Saxon's Bane took 2 years from first pen-to-paper to being accepted by an agent, including several re-writes. I write best in the mornings, fuelled by lots of coffee, and become more and more easily distracted with each hour. By the afternoon I'm better off researching, and in the evening I like to be entertained by someone else's book, preferably with a glass of wine to hand!

I am curious about writers' inspiration and if direction changes mid-novel. Did it change much from your original vision? How easy or difficult was your research?

I research as I write, reading widely around a concept - in this case Saxon England - then home in to detailed research around elements that are crucial to the plot. Saxon's Bane's beginning and ending, and its underlying concept, did not change much during writing, but I had one idea in mid-stream that took the body of the book in a new direction. I was researching Anglo-Saxon runes and I came across the verse in the epic poem Hรกvamรกl, where the god Odin says I can carve and colour the runes / So that [a dead] man can walk and talk with me. That gave me a very useful idea.

I suspect that you are an avid reader, Geoffrey, so do reveal your recent favourite books. What books do you enjoy reading? Do you have a few favourites?

I'm reading Alan Garner at the moment, although I only discovered him when my publisher (Solaris) compared our writing. That was immensely flattering. Ditto Robert Holdstock. As a child I devoured J R R Tolkien, but I can't point to other authors who influenced me. It would have been easier to position the book if I had; the spectrum from Garner and Holdstock to Kate Mosse is pretty broad.

The big question is where do you go from here. Saxon's Bane was published earlier this summer and it is already very successful. What is your next book? Is there one in progress?

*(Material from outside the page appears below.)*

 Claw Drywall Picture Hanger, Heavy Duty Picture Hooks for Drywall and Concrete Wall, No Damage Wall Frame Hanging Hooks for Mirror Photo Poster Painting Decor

I'm about 3/4 through another time-slip thriller with a supernatural twist, which again weaves together stories from two eras. It's set on a crumbling country estate which has been in the same family for nearly 700 years; in the 14th century the founder of the dynasty makes a terrible oath to a dying holy woman. In the 21st century his descendants have forgotten the oath, but it seems the oath has not forgotten them... I'm at the exciting phase of bringing it all home to a satisfying conclusion. Sometimes you have to write a lot of words before you find out what's really going to work.
Thank you for this very engaging and informative interview, Geoffrey. I am really looking forward to reading your next novel which I have no doubt will be as wonderful a reading experience as Saxon's Bane has been. Hurry up and finish writing it please. I am hooked already! And good luck too!



  1. Well done, Carol! As someone who has never read Gudgion, this is a great introduction to his work.

    1. He is delightful and I hope he goes from strength to strength as he deserves success.

  2. Great Interview Carol. And boy is this Geoffrey a very handsome man! Good luck Geoffrey with your work. Of course its all about the book!!!

  3. All thanks to Geoffrey. I am looking forward to his next as I like edgy time slip novels.

  4. An enlightening interview. I enjoyed it very much. Definitely a book that I shall be reading.

    1. I hope you enjoy it. He is an excellent writer. Suspenseful.

  5. A really interesting interview, Carol and Geoffrey.

    Having met you in person at the HNS Conference, 2012, Geoffrey, and having just read this interview, I can't wait to read Saxon's Bane.


  6. Great interview Carol...and anyone who quotes the "All-Father" is fine by me! Another definite addition for the "to read" list.

  7. A very intelligent debut novel. You too Rob are entered for the draw. Will pull out of the hat on Sunday. You could win a signed copy!